Notes for April 2-4

 

What we discussed on Tuesday April 2:

On Tuesday April 2 we discussed splines. First we talked about cubic splines in general, then three ways of allowing users to specify cubic splines: Hermite, Bezier and B-splines.

We showed how to transform from each of these to the canonical form at3 + bt2 + ct + d, where 0 ≤ t ≤ 1.

You won't be responsible for splines until next week's assignment. I will be posting more detailed course notes for this material together with next week's course notes.

What we discussed on Thursday April 4:

On Thursday April 4 we started off discussing how to create surface normals for general purpose polygon smooth shaded meshes. The general idea is to proceed in two steps:

  1. Construct un-normalized face normals for each polygon face, by adding up the cross products of all pairs of adjacent edges, going around the polygon counterclockwise.

  2. For each vertex, sum up the face normals for all faces adjacent to that vertex, and then normalize.
This method has the nice property that the normals it produces at each vertex are more aligned with the adjoining faces of greater area, which results in more realistic surface shading.

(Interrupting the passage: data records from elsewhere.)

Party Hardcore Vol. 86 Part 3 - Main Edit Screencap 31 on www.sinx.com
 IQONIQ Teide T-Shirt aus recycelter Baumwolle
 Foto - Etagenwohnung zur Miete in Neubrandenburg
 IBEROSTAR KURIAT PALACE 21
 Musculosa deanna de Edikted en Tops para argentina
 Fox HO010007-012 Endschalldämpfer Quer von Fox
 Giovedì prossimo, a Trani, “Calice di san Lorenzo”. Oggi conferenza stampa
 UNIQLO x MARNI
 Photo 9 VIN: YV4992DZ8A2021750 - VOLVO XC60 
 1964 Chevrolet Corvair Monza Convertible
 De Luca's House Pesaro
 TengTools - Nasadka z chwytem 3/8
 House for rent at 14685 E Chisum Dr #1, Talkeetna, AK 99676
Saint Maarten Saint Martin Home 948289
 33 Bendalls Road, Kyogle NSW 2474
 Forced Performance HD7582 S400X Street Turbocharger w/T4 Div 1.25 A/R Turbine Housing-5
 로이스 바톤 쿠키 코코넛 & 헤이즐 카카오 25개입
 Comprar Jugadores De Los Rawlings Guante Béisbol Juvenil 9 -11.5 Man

You won't be responsible for constructing mesh normals until next week's assignment.

We spent the bulk of the class modifying our shader code to allow multiple shapes to be rendered in the same scene, each with its own transformation matrix and surface material properties.

Also, at the suggestion of a student, we also packaged up lighting to be easier to specify and to animate.

The code we developed to do this is in shader7.zip.

Homework, due before class Thursday April 11:

Your homework, due on Thursday April 11 before the start of class, is fairly easy and should be a lot of fun. Build from the code in shader7 to create your own original animated scene.

Try to use m.save() and m.restore() to create hierarchical movements, like we did when we created that walking person several weeks ago.

As usual, have a good time with it. Use your imagination. Be creative. Surprise me. :-)


At the end of the lecture we watched the seminal 1999 computer animation by Paul Debevec Fiat Lux.